Pour les partis politiques de presque tous les pays du monde, cela se traduit par la tâche difficile de trouver des solutions aux problèmes politiques qui soient acceptées par le plus grand nombre possible de leurs citoyens. Les partis qui autorisent déjà une certaine pluralité d’opinions au sein de leur propre organisation (dans le cadre de leurs principes de base) et en tirent des propositions politiques communes, rempliront plus efficacement cette fonction de passerelle consistant à équilibrer les différentes opinions et attentes. Pour ce faire, ils doivent encourager le débat interne entre leurs membres, résister aux opinions controversées et en même temps maintenir des contacts étroits avec d’importantes associations de la société civile et avec les citoyens individuels.
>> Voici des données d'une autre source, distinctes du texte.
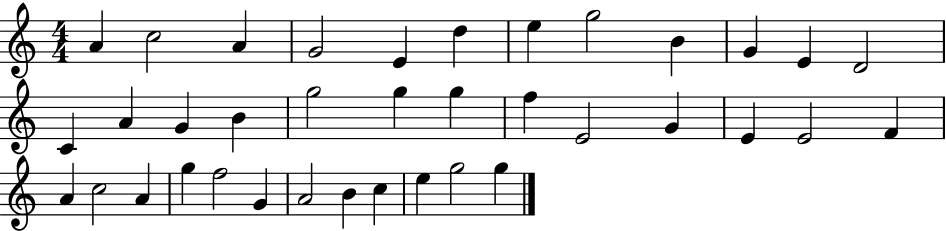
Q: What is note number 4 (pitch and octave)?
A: G4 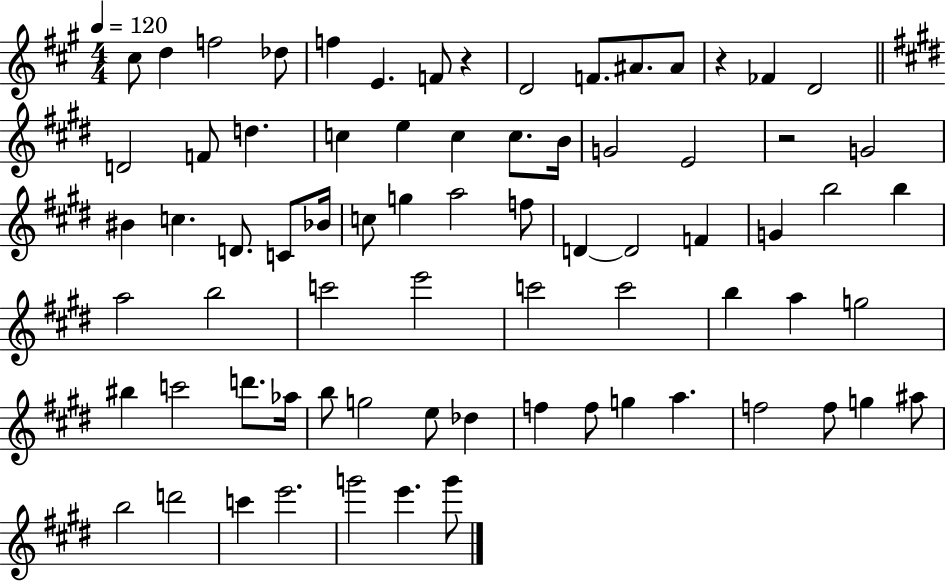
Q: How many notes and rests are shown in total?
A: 74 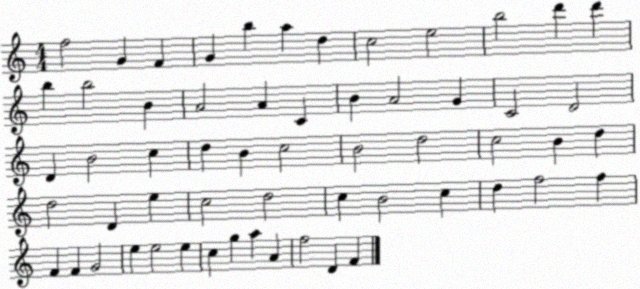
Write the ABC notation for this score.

X:1
T:Untitled
M:4/4
L:1/4
K:C
f2 G F G b a d c2 e2 b2 d' d' b b2 B A2 A C B A2 G C2 D2 D B2 c d B c2 B2 d2 c2 B d d2 D e c2 d2 c B2 c d f2 f F F G2 e e2 e c g a A f2 D F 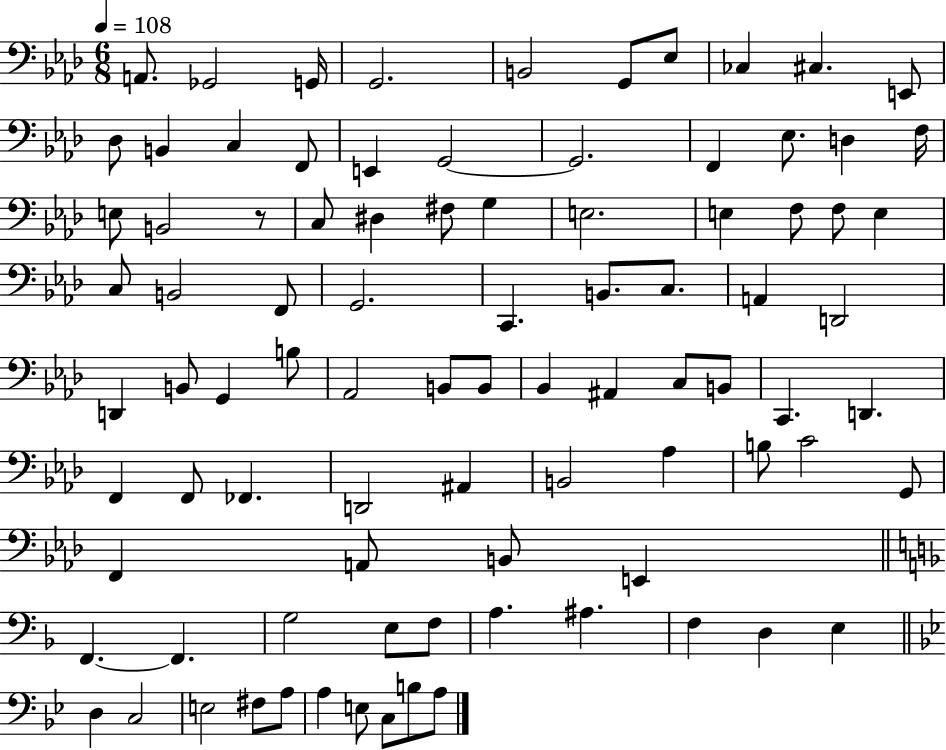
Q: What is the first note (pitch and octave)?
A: A2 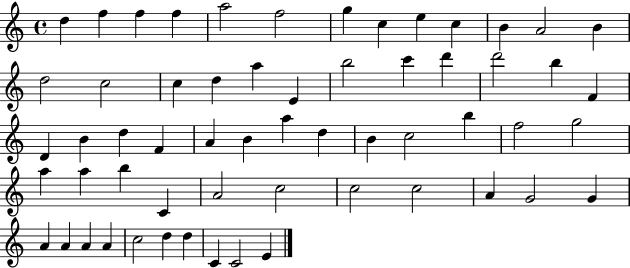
X:1
T:Untitled
M:4/4
L:1/4
K:C
d f f f a2 f2 g c e c B A2 B d2 c2 c d a E b2 c' d' d'2 b F D B d F A B a d B c2 b f2 g2 a a b C A2 c2 c2 c2 A G2 G A A A A c2 d d C C2 E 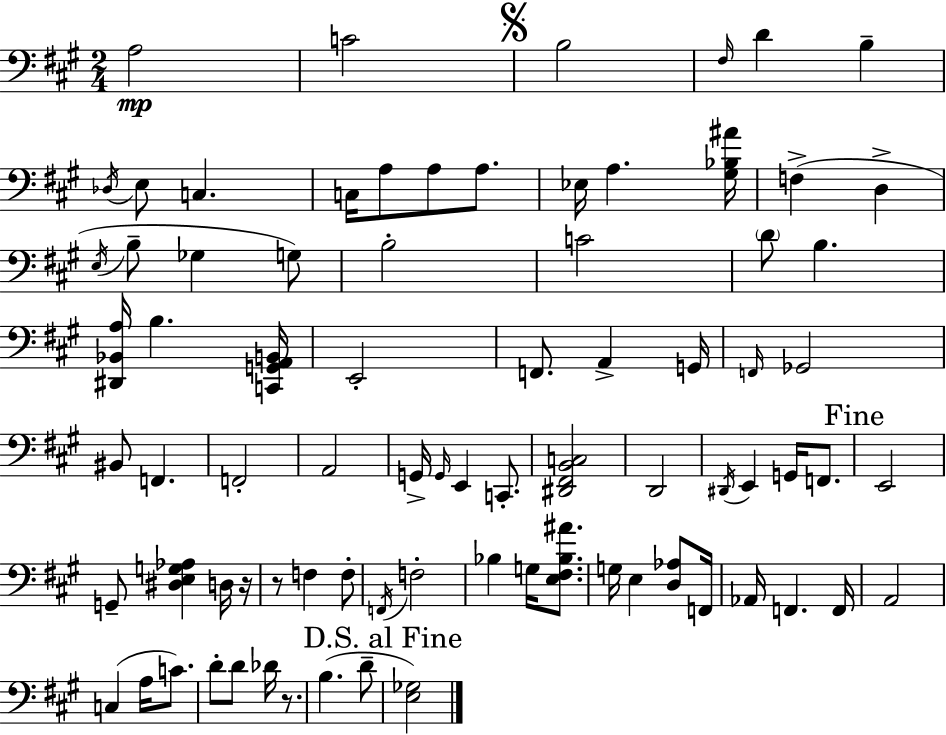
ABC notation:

X:1
T:Untitled
M:2/4
L:1/4
K:A
A,2 C2 B,2 ^F,/4 D B, _D,/4 E,/2 C, C,/4 A,/2 A,/2 A,/2 _E,/4 A, [^G,_B,^A]/4 F, D, E,/4 B,/2 _G, G,/2 B,2 C2 D/2 B, [^D,,_B,,A,]/4 B, [C,,G,,A,,B,,]/4 E,,2 F,,/2 A,, G,,/4 F,,/4 _G,,2 ^B,,/2 F,, F,,2 A,,2 G,,/4 G,,/4 E,, C,,/2 [^D,,^F,,B,,C,]2 D,,2 ^D,,/4 E,, G,,/4 F,,/2 E,,2 G,,/2 [^D,E,G,_A,] D,/4 z/4 z/2 F, F,/2 F,,/4 F,2 _B, G,/4 [E,^F,_B,^A]/2 G,/4 E, [D,_A,]/2 F,,/4 _A,,/4 F,, F,,/4 A,,2 C, A,/4 C/2 D/2 D/2 _D/4 z/2 B, D/2 [E,_G,]2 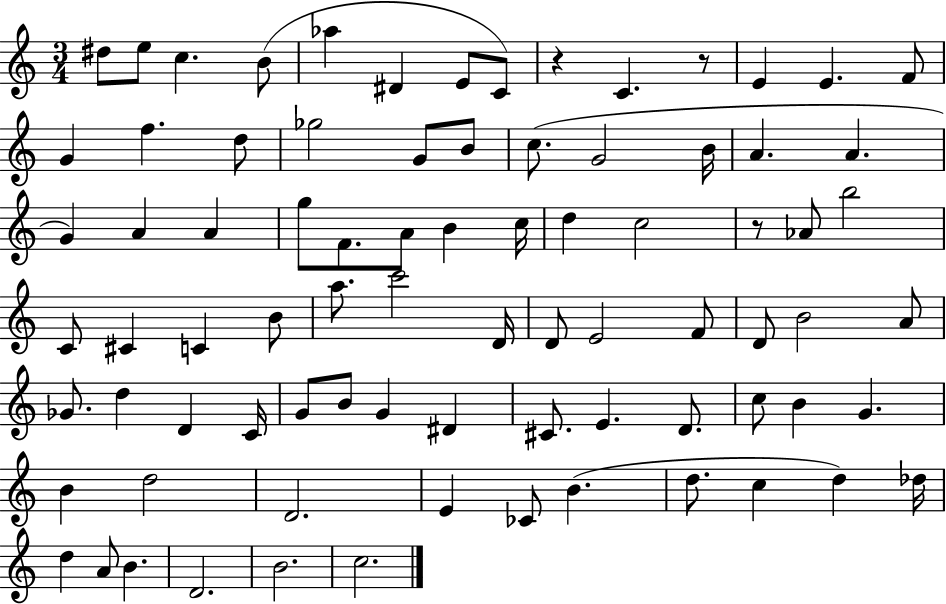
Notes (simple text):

D#5/e E5/e C5/q. B4/e Ab5/q D#4/q E4/e C4/e R/q C4/q. R/e E4/q E4/q. F4/e G4/q F5/q. D5/e Gb5/h G4/e B4/e C5/e. G4/h B4/s A4/q. A4/q. G4/q A4/q A4/q G5/e F4/e. A4/e B4/q C5/s D5/q C5/h R/e Ab4/e B5/h C4/e C#4/q C4/q B4/e A5/e. C6/h D4/s D4/e E4/h F4/e D4/e B4/h A4/e Gb4/e. D5/q D4/q C4/s G4/e B4/e G4/q D#4/q C#4/e. E4/q. D4/e. C5/e B4/q G4/q. B4/q D5/h D4/h. E4/q CES4/e B4/q. D5/e. C5/q D5/q Db5/s D5/q A4/e B4/q. D4/h. B4/h. C5/h. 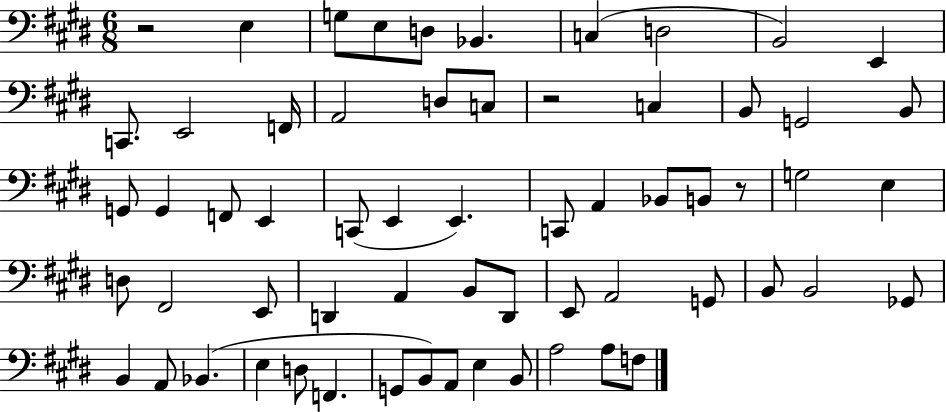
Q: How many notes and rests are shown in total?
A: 62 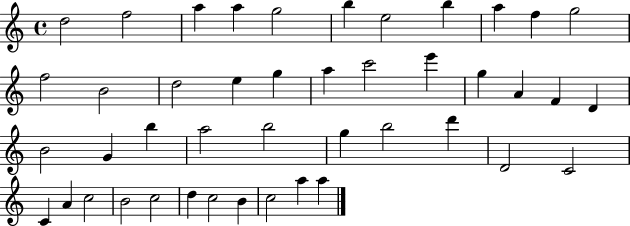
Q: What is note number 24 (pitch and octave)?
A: B4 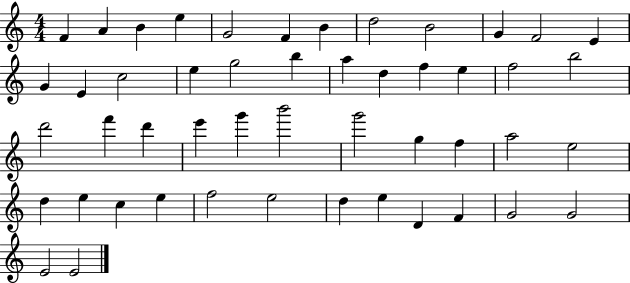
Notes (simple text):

F4/q A4/q B4/q E5/q G4/h F4/q B4/q D5/h B4/h G4/q F4/h E4/q G4/q E4/q C5/h E5/q G5/h B5/q A5/q D5/q F5/q E5/q F5/h B5/h D6/h F6/q D6/q E6/q G6/q B6/h G6/h G5/q F5/q A5/h E5/h D5/q E5/q C5/q E5/q F5/h E5/h D5/q E5/q D4/q F4/q G4/h G4/h E4/h E4/h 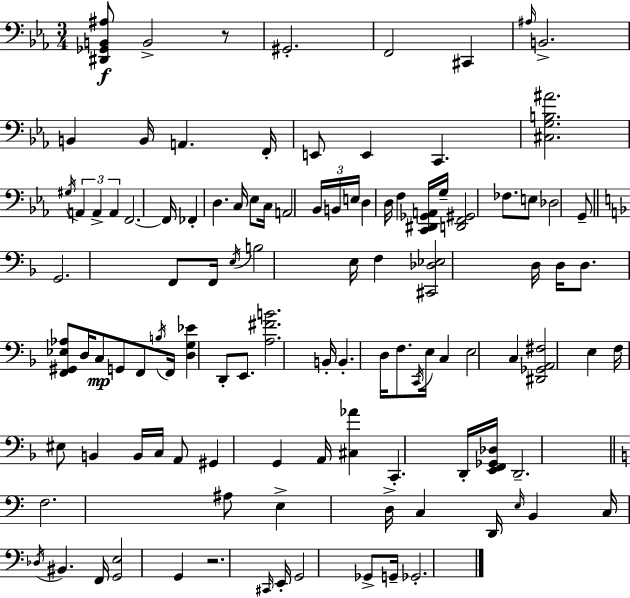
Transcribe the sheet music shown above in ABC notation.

X:1
T:Untitled
M:3/4
L:1/4
K:Eb
[^D,,_G,,B,,^A,]/2 B,,2 z/2 ^G,,2 F,,2 ^C,, ^A,/4 B,,2 B,, B,,/4 A,, F,,/4 E,,/2 E,, C,, [^C,G,B,^A]2 ^G,/4 A,, A,, A,, F,,2 F,,/4 _F,, D, C,/4 _E,/2 C,/4 A,,2 _B,,/4 B,,/4 E,/4 D, D,/4 F, [C,,^D,,_G,,A,,]/4 G,/4 [D,,F,,^G,,]2 _F,/2 E,/2 _D,2 G,,/2 G,,2 F,,/2 F,,/4 E,/4 B,2 E,/4 F, [^C,,_D,_E,]2 D,/4 D,/4 D,/2 [F,,^G,,_E,_A,]/2 D,/4 C,/2 G,,/2 F,,/2 B,/4 F,,/4 [D,G,_E] D,,/2 E,,/2 [A,^FB]2 B,,/4 B,, D,/4 F,/2 C,,/4 E,/4 C, E,2 C, [^D,,_G,,A,,^F,]2 E, F,/4 ^E,/2 B,, B,,/4 C,/4 A,,/2 ^G,, G,, A,,/4 [^C,_A] C,, D,,/4 [E,,F,,_G,,_D,]/4 D,,2 F,2 ^A,/2 E, D,/4 C, D,,/4 E,/4 B,, C,/4 _D,/4 ^B,, F,,/4 [G,,E,]2 G,, z2 ^C,,/4 E,,/4 G,,2 _G,,/2 G,,/4 _G,,2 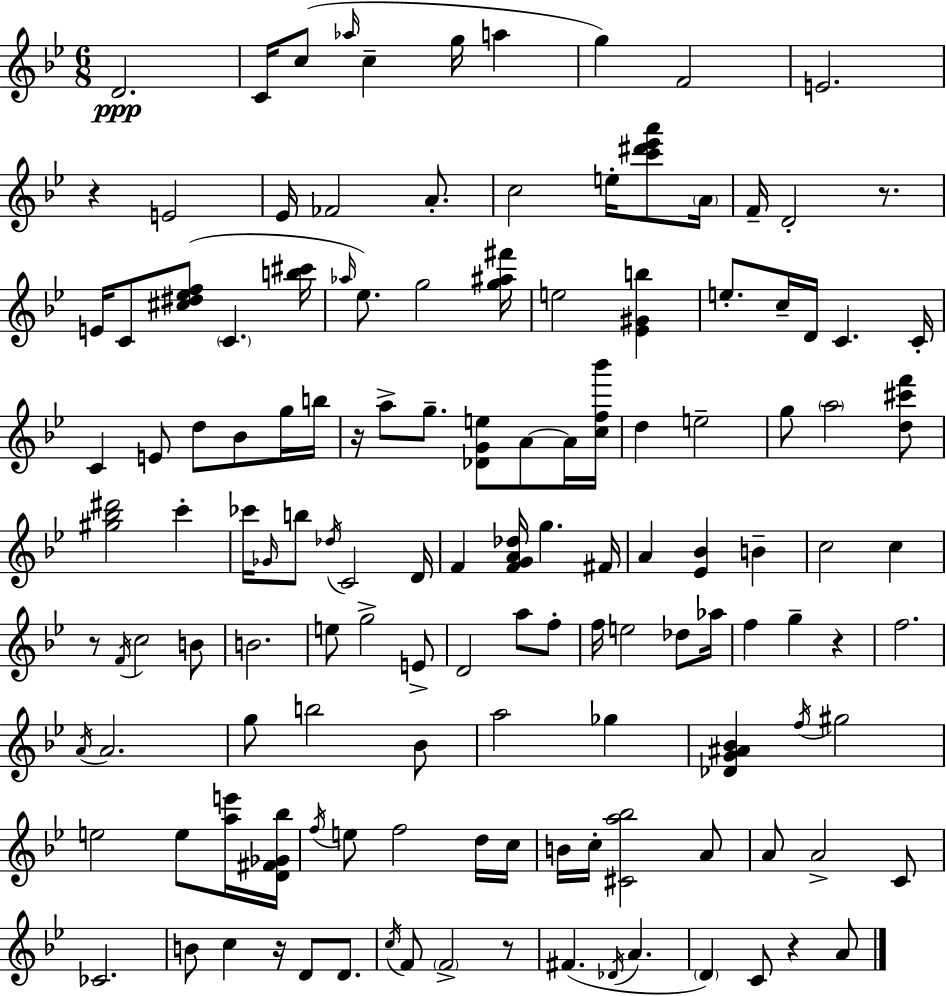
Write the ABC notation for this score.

X:1
T:Untitled
M:6/8
L:1/4
K:Bb
D2 C/4 c/2 _a/4 c g/4 a g F2 E2 z E2 _E/4 _F2 A/2 c2 e/4 [c'^d'_e'a']/2 A/4 F/4 D2 z/2 E/4 C/2 [^c^d_ef]/2 C [b^c']/4 _a/4 _e/2 g2 [g^a^f']/4 e2 [_E^Gb] e/2 c/4 D/4 C C/4 C E/2 d/2 _B/2 g/4 b/4 z/4 a/2 g/2 [_DGe]/2 A/2 A/4 [cf_b']/4 d e2 g/2 a2 [d^c'f']/2 [^g_b^d']2 c' _c'/4 _G/4 b/2 _d/4 C2 D/4 F [FGA_d]/4 g ^F/4 A [_E_B] B c2 c z/2 F/4 c2 B/2 B2 e/2 g2 E/2 D2 a/2 f/2 f/4 e2 _d/2 _a/4 f g z f2 A/4 A2 g/2 b2 _B/2 a2 _g [_DG^A_B] f/4 ^g2 e2 e/2 [ae']/4 [D^F_G_b]/4 f/4 e/2 f2 d/4 c/4 B/4 c/4 [^Ca_b]2 A/2 A/2 A2 C/2 _C2 B/2 c z/4 D/2 D/2 c/4 F/2 F2 z/2 ^F _D/4 A D C/2 z A/2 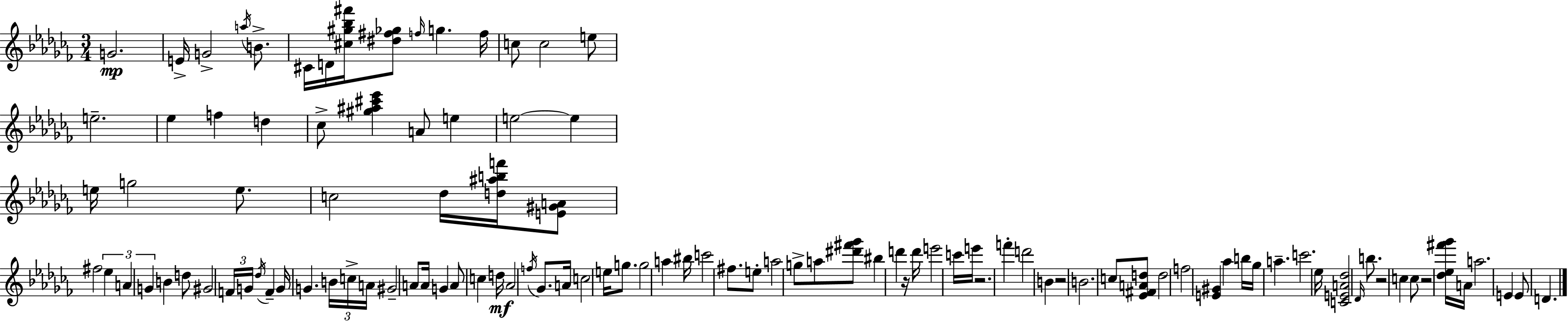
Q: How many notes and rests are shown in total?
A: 109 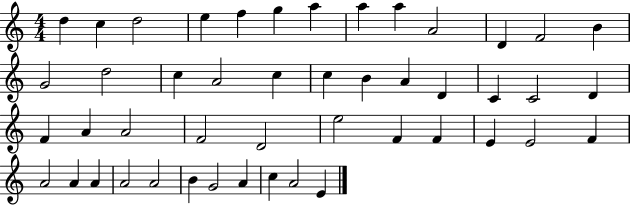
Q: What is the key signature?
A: C major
Un parti a besoin d’un autre élément pour réussir politiquement : des dirigeants politiques qui peuvent mobiliser et inspirer les gens et qui, en plus de connaissances pratiques, possèdent également des caractéristiques personnelles et éthiques pour diriger avec succès un grand groupe de personnes. Nous avons évoqué à plusieurs reprises la tendance à la personnalisation de la politique.
En particulier lorsque les partis perdent leur soutien, la tendance à la personnalisation augmente et de nombreux exemples ont montré qu’un chef de parti convaincant peut empêcher le déclin d’un parti et lui apporter une nouvelle vigueur. Néanmoins, la personnalisation est une difficulté majeure pour les partis car au bout du compte, ce n’est pas une personne unique, mais un parti en tant que communauté de personnes ayant des objectifs communs qui peut représenter les intérêts d’une société et les traduire en décisions politiques pour le bien commun. C’est du moins vrai dans une démocratie libre.
Que peuvent faire les partis pour renforcer leur rôle dans la démocratie ? Ils doivent s’occuper d’eux-mêmes. Cela signifie renforcer leur organisation et essayer de s’améliorer dans tous les domaines abordés dans chaque chapitre de ce livre : la représentation, l’organisation, leur programme, l’adhésion et la
participation interne des membres, la communication, le contact avec la société civile. Ils ont à ce titre une bonne position de départ, car l’élection d’un parlement et d’un gouvernement restera un élément central de la démocratie, même si la forme de la procédure de vote peut changer. Dans un avenir prévisible, la majorité des candidats aux élections démocratiques seront nommés par les partis, et ils constitueront la majorité des députés dans les parlements et formeront également les gouvernements. En raison des élections législatives et libres, ils ont un avantage en termes de légitimité sur les autres acteurs politiques ou processus décisionnels. Sans parti, les démocraties représentatives n’existent pas.
Cependant, les partis ne seront pas en mesure de faire face seuls aux défis de l’avenir. En tant que représentants de la société, ils ont besoin des citoyens qui non seulement se plaignent de l’échec des partis et le critiquent, mais réalisent également que la démocratie a un prix qui consiste à payer des impôts et une contribution à l’État pour le financement des partis, et demande aussi un engagement personnel. Plus les citoyens sont disposés à prendre part au travail des partis et plus les partis sont disposés à permettre à leurs nouveaux membres de participer aux débats et aux décisions, mieux les partis rempliront leurs fonctions, et plus la démocratie sera vivante.